Available data:
━━━
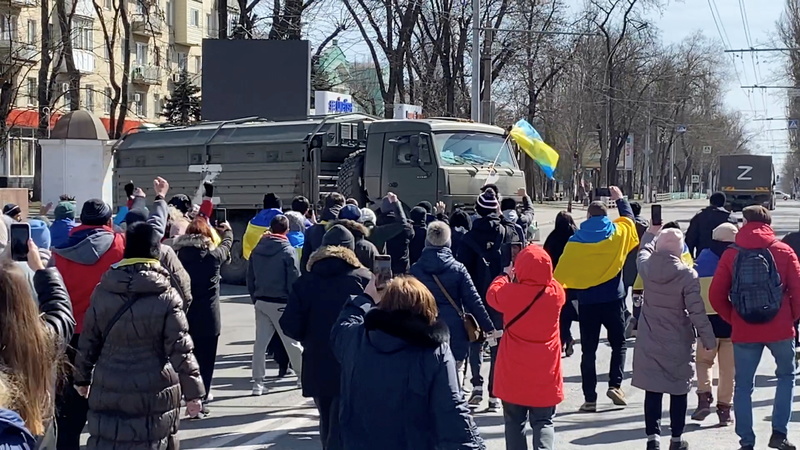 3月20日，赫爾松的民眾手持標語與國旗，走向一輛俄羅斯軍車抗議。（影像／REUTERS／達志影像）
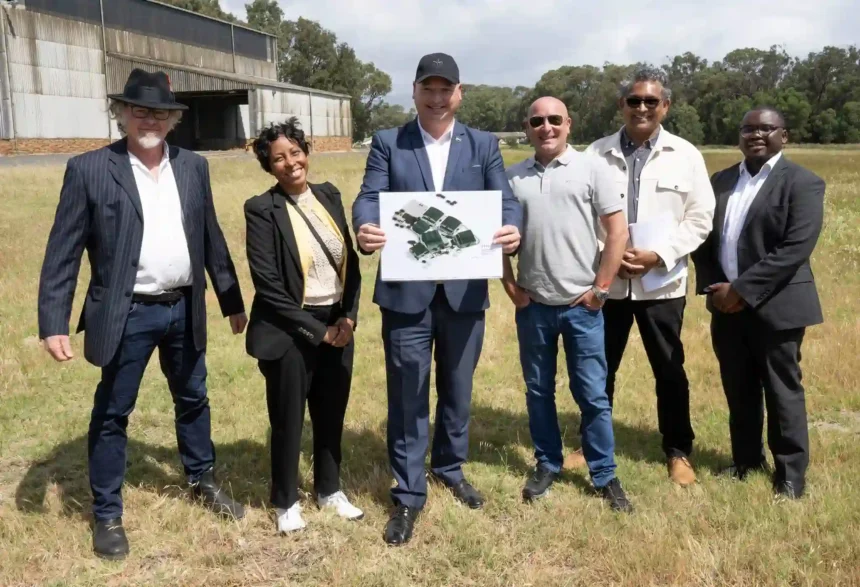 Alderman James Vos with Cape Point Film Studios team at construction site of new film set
━━━
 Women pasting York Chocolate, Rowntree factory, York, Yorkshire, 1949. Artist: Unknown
━━━
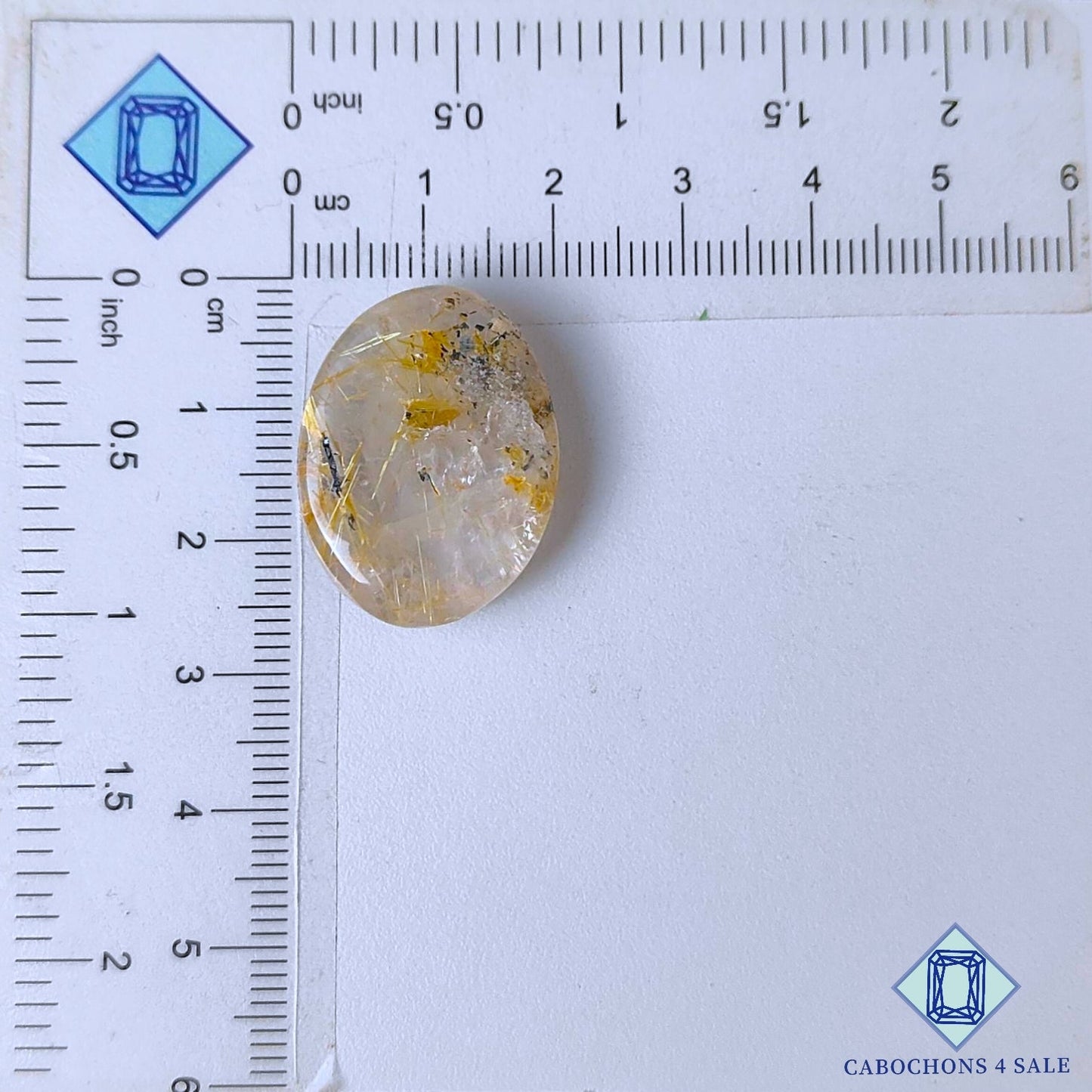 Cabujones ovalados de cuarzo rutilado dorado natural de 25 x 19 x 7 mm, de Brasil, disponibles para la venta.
━━━
Problem statement: Could the stretch from the line with "3月20日，赫爾松的民眾手持" through the line with "Alderman James Vos" in the listing above be restated word for word, minus the pictures?

Task solution:
 3月20日，赫爾松的民眾手持標語與國旗，走向一輛俄羅斯軍車抗議。（影像／REUTERS／達志影像）
 Alderman James Vos with Cape Point Film Studios team at construction site of new film set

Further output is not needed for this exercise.